In short, the automotive industry has an extremely long tail. I’ve heard before that 82% of jobs in America are connected to the automotive industry in some way. I’m sure that’s high, but probably not has high as it sounds when one considers that the insurance industry, the energy sector, even construction and food service would be fundamentally different if not for the car (I’m not sure whether one can directly connect a job at McDonald’s to the auto-industry, but it’s easy to see how many less of those jobs there would be if they didn’t need drive-thrus). For the most part the tail creates healthy economic activity, but there’s one link in the chain where I believe harvesting from the tail is doing more harm than good, and is possibly killing the Golden Goose.

Going back to the automotive dealer and remembering that a 2/3s or 3/4s of the dealer’s profit comes from something other than selling cars, one has to ask what the affect of these non-core transactions have on the core product. When a customer is about to lay down $30,000 for a new truck and is then offered a $2000 extended service agreement, rust protection ($500), pre-paid maintenance ($400), tire coverage ($300), and taken on a tour of the dealer’s real profit center, the completely packed service department (full of $25 per hour techs and $80k per year service writers), what does that really say to the customer about the quality of the vehicle that he/she is buying?

What happens, then, when the customer does go in for his/her 40k service? The $80k per year service writer and $25.00 per hour tech aren’t there just to change the oil and check the belts, they are there to “up-sale” service (more harvesting of the long tail…that can go on literally for years on each car). The tech goes over the car with a fine-toothed comb checking those issues which are known to be wrong with the particular vehicle (every manufacturer has hundreds of Technical Service Bulitins on each of it’s vehicles…more or less these are sales aides for the service department), they call this the 25, 75 or 125 point inspection. The customer then finds that their routine maintenance visit has uncovered $1500.00 in needed repairs to their 40k vehicle; and this customer didn’t even know that they were concerned about anything.

Enough years of this sort of harvesting from the tail and a manufacturer gets a reputation for poor quality. Take Chevrolet, for instance. They have no more or no fewer known problems (technically) than Honda or Toyota (as measured by Technical Service Bulletins) but Chevrolet has a reputation as being less dependable than Honda or Toyota…why is that?

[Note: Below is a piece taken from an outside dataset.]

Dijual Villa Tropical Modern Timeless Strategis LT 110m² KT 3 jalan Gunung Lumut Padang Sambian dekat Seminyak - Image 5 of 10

I’ve got an idea about that as well. This is completely unscientific, but I’ve worked in the industry for ten years and I can say that Chevrolet dealers, and Ford dealers, push service to an extent that’s relatively unheard of on the import side. A Chevrolet dealer will know long lists of TSBs by heart for each vehicle that comes into their shop, while the Honda dealer will know only a couple of the biggest and most important ones. Import dealers also tend to sell different types of what are called “tech find” jobs (jobs that the technition finds on the vehicle inspections) than domestics do. A Honda dealer will routinely ask for control arm bushings even though a customer wasn’t concerned with the way the vehicle handled, but a Chevrolet dealer will sell the customer a differential that they didn’t know they were worried about.

None of this is to say that the Imports are “better” from a customers standpoint, they are simply behind. They’ve gotten much better at selling the F&I products over the last decade, and their service departments are becoming more professional and developed as well. If my theory of over-harvesting of the long tail is true, then we should be seeing, or soon see, the image of even Toyota and Honda as manufacturers of extremely durable and reliable vehicles ebb. Well, the July 24th issue of Automotive News has the president of Toyota begging mercy and claiming extreme self-disappointment over recent quality concerns surrounding his company’s products. Interesting, huh?